EXERCISE DETAILS »
Beginning with the line that holds "자동차 머리 받침 허리" and ending with the last line of the entries, please output each line exactly, apart from any pictures.

-- Opening Marker --

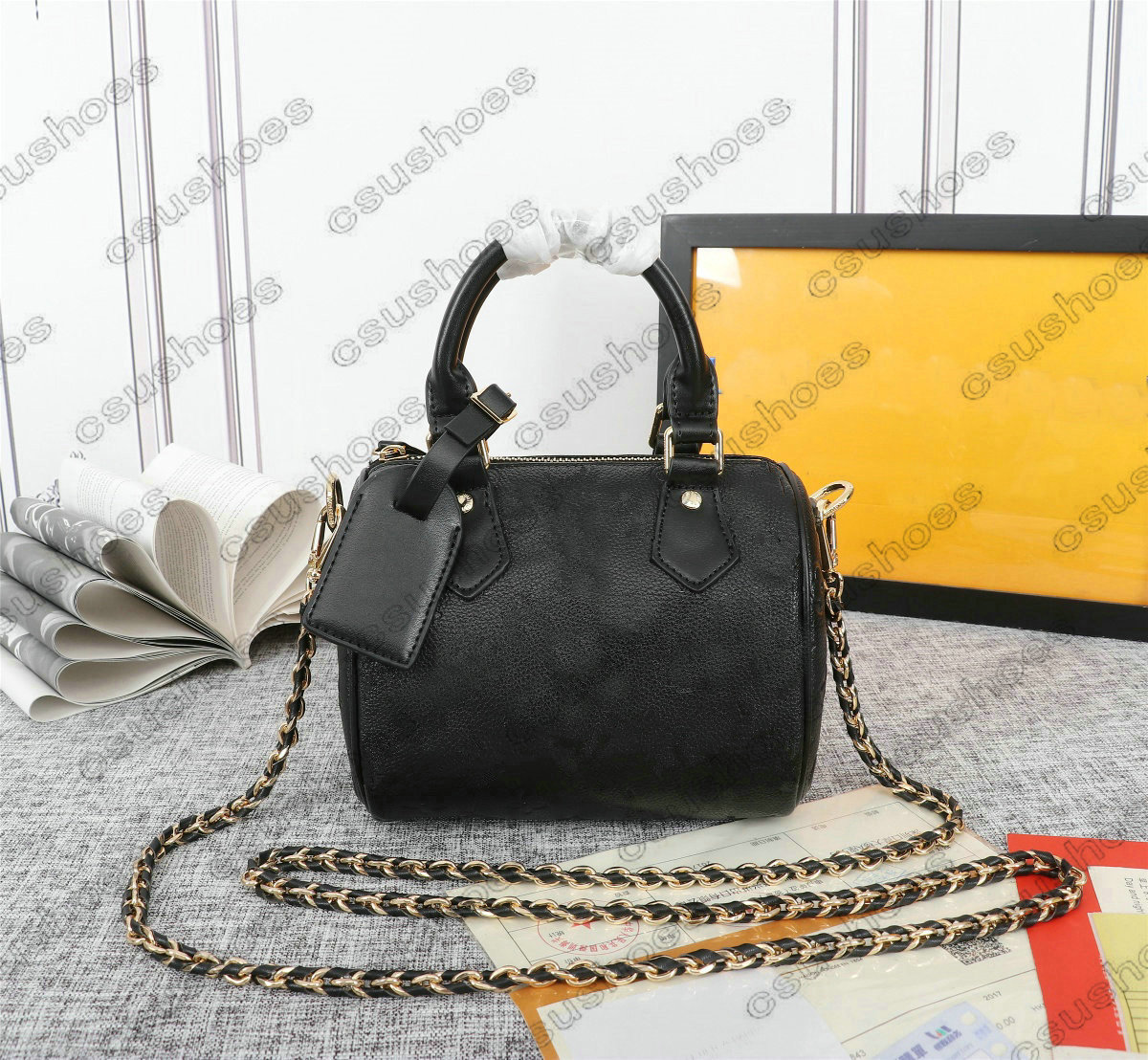 

Speedy Chains BB M57111 Black Lambskin Embossed Flower Letter Boston Bags Inclined Shoulder Bag Pillow Mono Handbag Designers Crossbody Bags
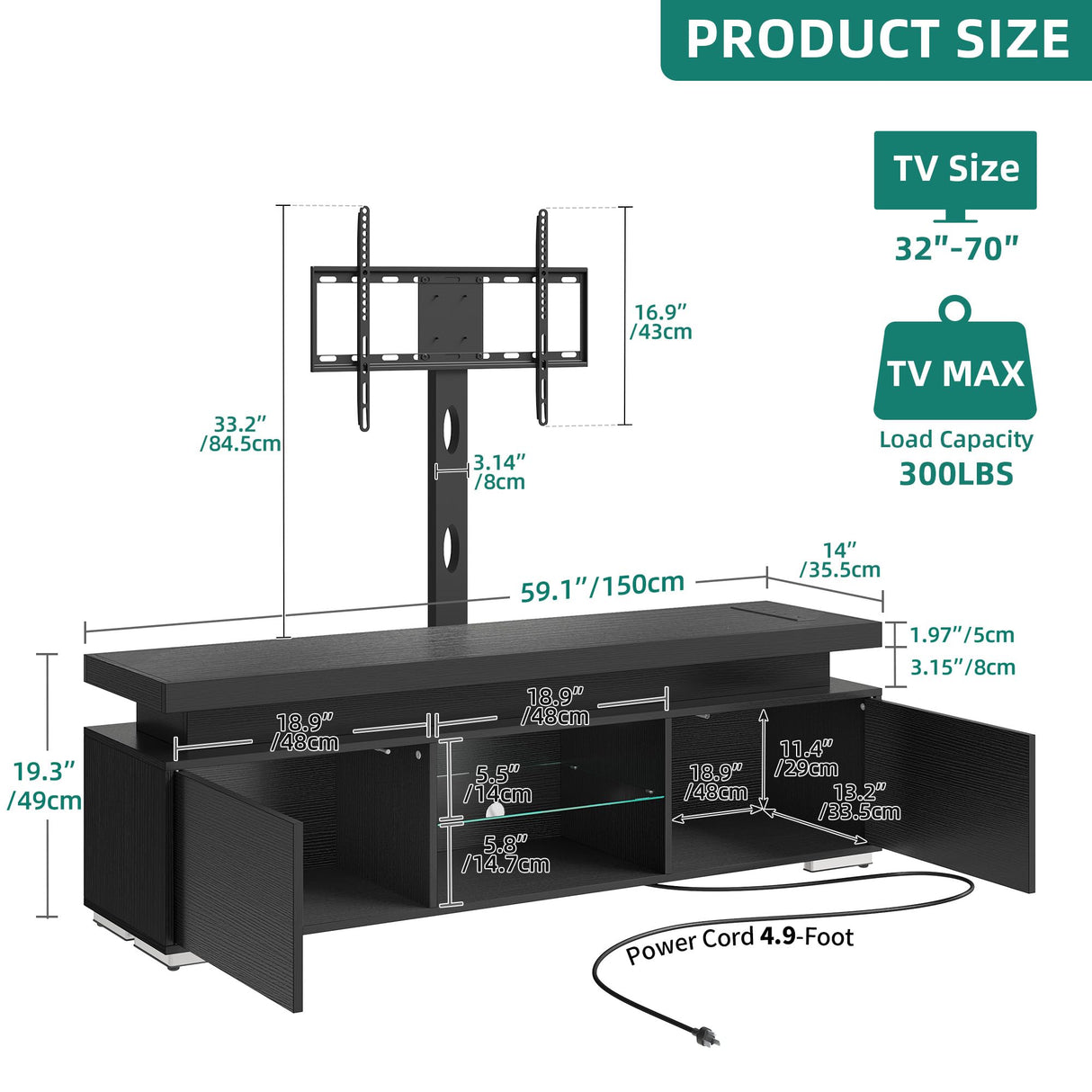 YITAHOME Black TV Stand for Living Room with Height Adjustable Mount, Entertainment Center for 70/65 Inch TVs w/LED Lighting, 4 Power Outlets & USB Ports, Modern Media Console with Storage Shelves YITAHOME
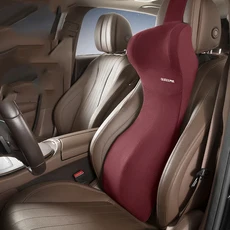 자동차 머리 받침 허리 보호 시트 등받이 요추 지지대 통합 키트 쿠션, 1개, Red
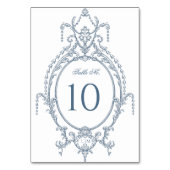 French Blue Ornate Baroque Wedding  Kaart (Voorkant)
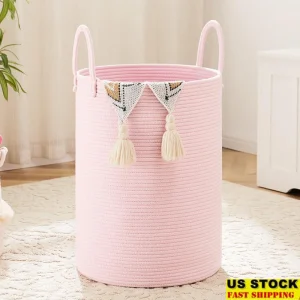 Handwoven Cotton Rope Laundry Basket Washable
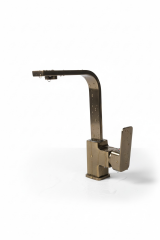 Antik Gold Lavabo Bataryası Yüksek Model 360 Derece Dönebilen Eskitme Gold Kare Lavabo Armatür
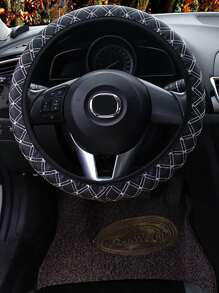 Bọc vô lăng ô tô 3 mảnh và phanh tay, lẫy chuyển số. - Đen và trắng - Xem 2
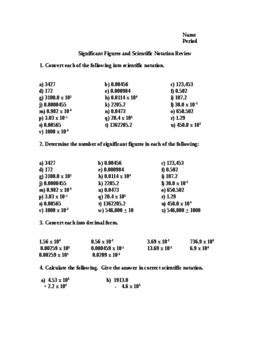 Practice sig figs and sci notation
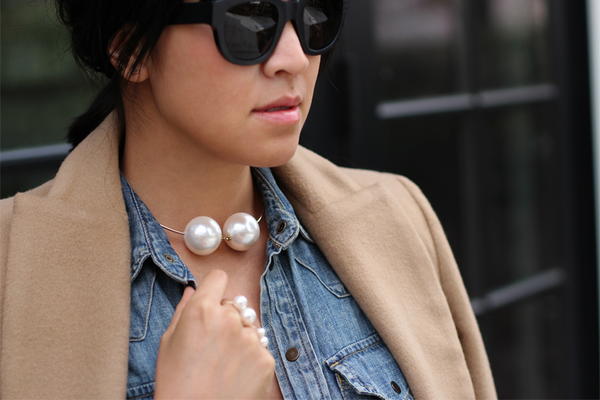 Pearl Choker and Wire Rings Pearl Choker and Wire Rings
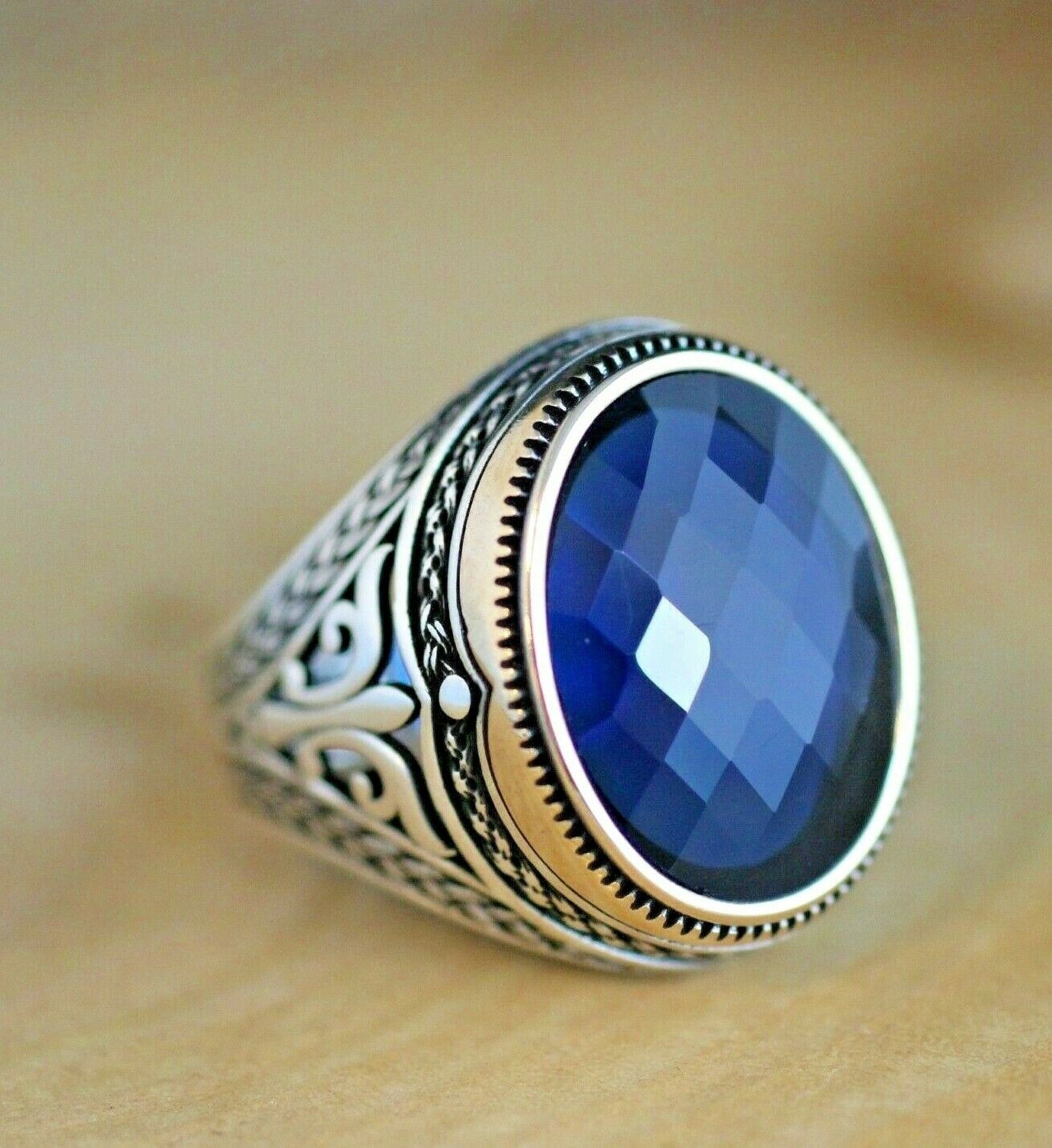 Turkish Sapphire Stone Men's Ring Handmade Special Design - Boutique Spiritual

-- Closing Marker --

SOLVED PROBLEM »
 자동차 머리 받침 허리 보호 시트 등받이 요추 지지대 통합 키트 쿠션, 1개, Red
 French Blue Ornate Baroque Wedding  Kaart (Voorkant)
 Handwoven Cotton Rope Laundry Basket Washable
 Antik Gold Lavabo Bataryası Yüksek Model 360 Derece Dönebilen Eskitme Gold Kare Lavabo Armatür
 Bọc vô lăng ô tô 3 mảnh và phanh tay, lẫy chuyển số. - Đen và trắng - Xem 2
 Practice sig figs and sci notation
 Pearl Choker and Wire Rings Pearl Choker and Wire Rings
 Turkish Sapphire Stone Men's Ring Handmade Special Design - Boutique Spiritual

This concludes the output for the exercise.